O sr. James M. Dodd parecia ser o tipo de pessoa que é preferível se ter como amigo do que como inimigo. Seus olhos azuis eram duros, e sua mandíbula quadrada retesara-se enquanto falava.
– Bem, o que foi que o senhor fez? – perguntei.
– Meu primeiro passo foi ir até a casa dele, em Tuxbury Old Park, perto de Bedford, e ver pessoalmente como estava a situação. Por isso escrevi à mãe dele – já estava farto do velho rabugento – e fiz uma investida direta: Godfrey era meu companheiro, e eu queria muito poder contar a ela nossas experiências comuns; estaria nas redondezas, haveria alguma objeção etc., etc.? Recebi uma resposta muito amável e um oferecimento para que eu passasse a noite lá. Foi por isso que parti na segunda-feira.

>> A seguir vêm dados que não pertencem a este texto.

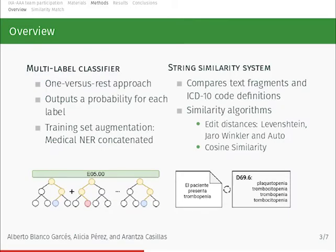We combined a machine learning engine with a string similarity system. First, a binary XGBoost classifier was trained for each label, following the one-versus-rest approach, in which as many binary classifiers as present labels are trained. Since the XGBoost outputs a probability for each prediction, its output could be used directly in the Diagnostics and Procedure subtasks. The training set texts were expanded to improve the XGBoost models, concatenating the medical entities extracted with a medical Named Entity Recognition system from the documents themselves.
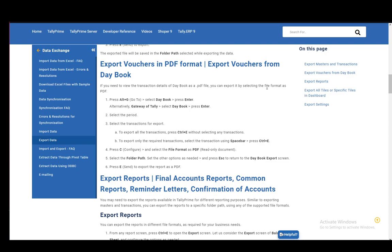You can select all transactions by just selecting none of them and pressing Ctrl-E, and it'll export everything. However, to select individual ones, you need to hover over them and press Space, and that'll select them. Then when you press Ctrl-E, it'll only export the selected ones.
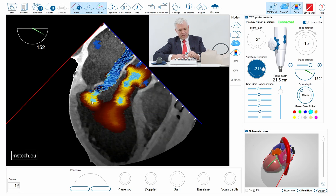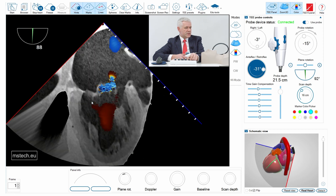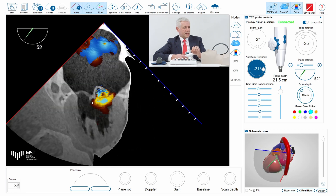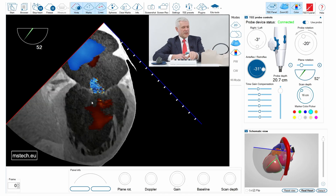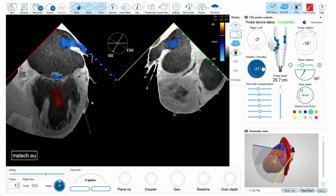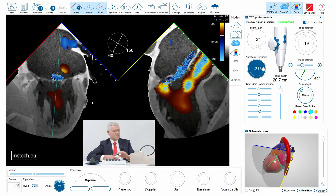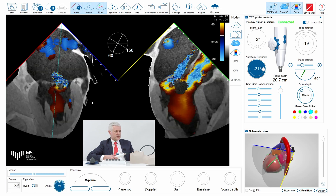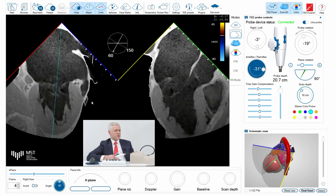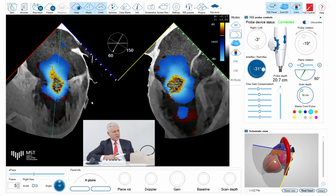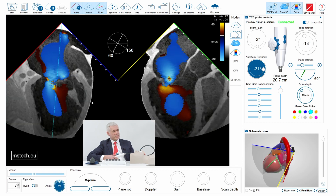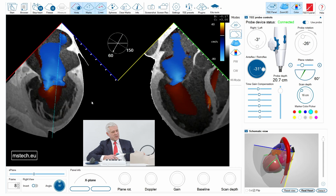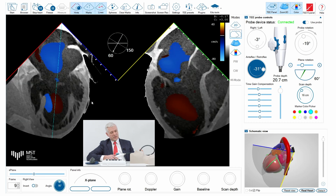I can visualize it better using the intercommissural view, with the valve centered to obtain a nice long axis view in X-plane mode. You can observe the eccentricity of the jet and the fact that the jet is limited only to the P2 prolapse. Scanning with slight anterior and posterior rotation reveals no other jets, confirming this is an isolated P2 prolapse.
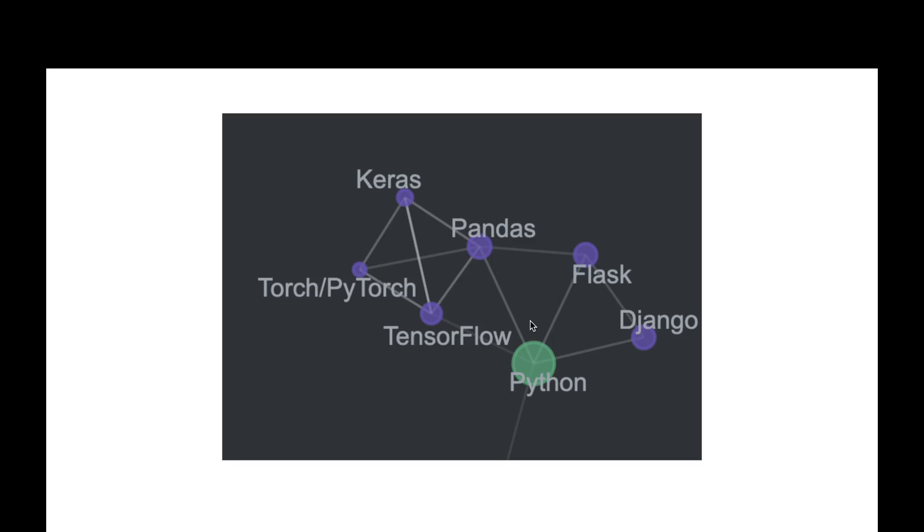Python is just the base programming language. If you want to perform web development with Django or Flask, or Data Science or other technology, you should choose an individual path.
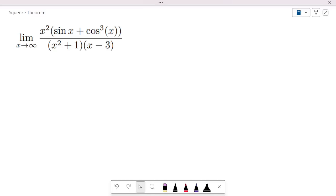All right, back to university. What I want to be doing in this video is a nice squeeze theorem question. Now we all love squeeze theorem, right? It's the most amazing question that you can ever get in an examination. If you get this thing, you've got to get full marks already.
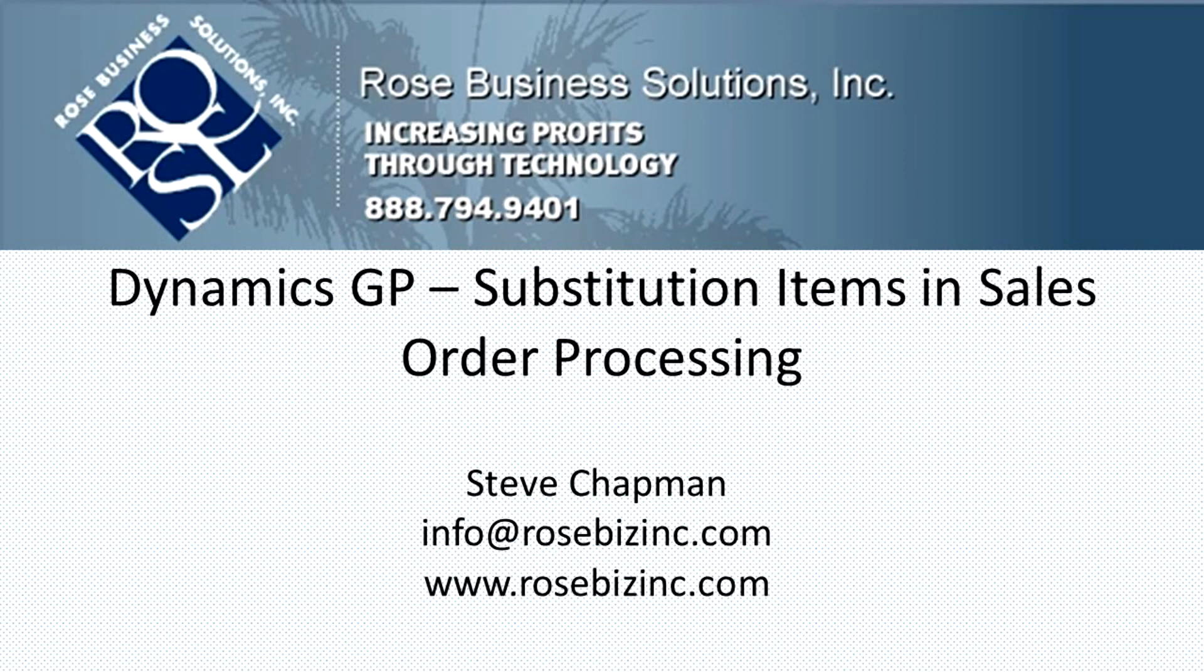And that's the way you can use a substitution item to fulfill your customer need in sales order processing.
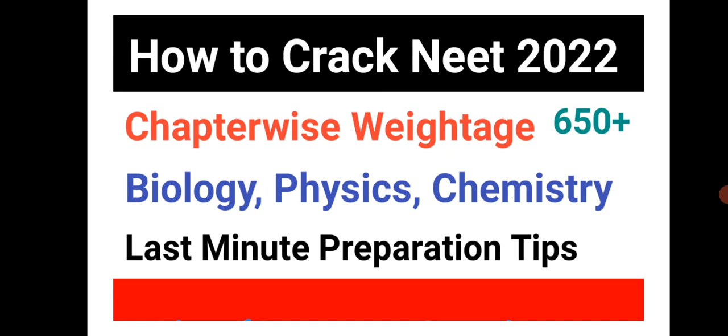I would like to tell the students there are some rumors on social media that NEET 2022 is going to postpone. I would like to tell you that there is no postponement confirmation from NTA, so I request students think that 17th July is the NEET date and prepare.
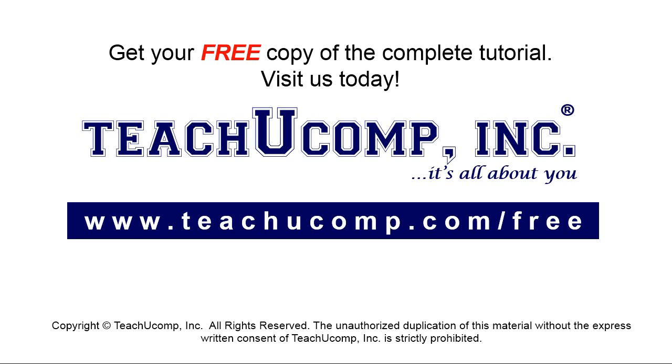Get your free copy of the complete tutorial at www.teachyoucomp.com forward slash free.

– Tuxbury Old Hill é inacessível – fica a 8 quilômetros de qualquer lugar. Na estação não havia condução, de modo que tive de ir a pé, carregando a mala, e já estava ficando escuro quando cheguei. É uma casa grande, esquisita, no meio de um vasto parque. Eu diria que a casa tem todas as épocas e estilos, começando pelos alicerces elisabetanos e terminando num pórtico vitoriano. O interior está repleto de painéis, tapeçarias e velhos quadros meio apagados, uma casa de sombras e mistério. Havia um mordomo, o velho Ralph, que parecia ter a mesma idade da casa, e sua esposa, que deve ser mais velha. Ela havia sido governanta de Godfrey, e eu ouvira Godfrey falar dela como a pessoa de quem ele mais gostava depois de sua mãe, de modo que me interessei por ela, apesar de sua aparência excêntrica. Também gostei da mãe dele – uma mulher pequena e dócil como um camundongo branco. Só o coronel é que eu não conseguia engolir.
– Logo de início tivemos uma pequena discussão, e eu teria voltado para a estação, se não tivesse sentido que com isso eu estaria fazendo o jogo dele. Fui levado diretamente para o seu gabinete de trabalho e lá o encontrei, um homem imenso e curvo, com uma pele doentia e uma barba cinzenta e hirsuta, sentado atrás da escrivaninha em desordem. Um nariz vermelho e cheio de veias projetava-se como um bico de abutre, e dois cruéis olhos cinzentos olhavam-me com raiva, sob os tufos das sobrancelhas. Agora eu podia entender por que Godfrey raramente falava de seu pai.
– “Bem, senhor”, ele disse em voz áspera. “Eu gostaria de saber o verdadeiro motivo de sua visita.”
– Respondi que havia explicado esses motivos em minha carta à sua esposa.
– “Sim, sim; você disse que conheceu Godfrey na África. Naturalmente como prova, você tem apenas a sua palavra.”
– “Tenho no bolso as cartas que ele me escreveu.”
– “Tenha a bondade de me mostrar as cartas.”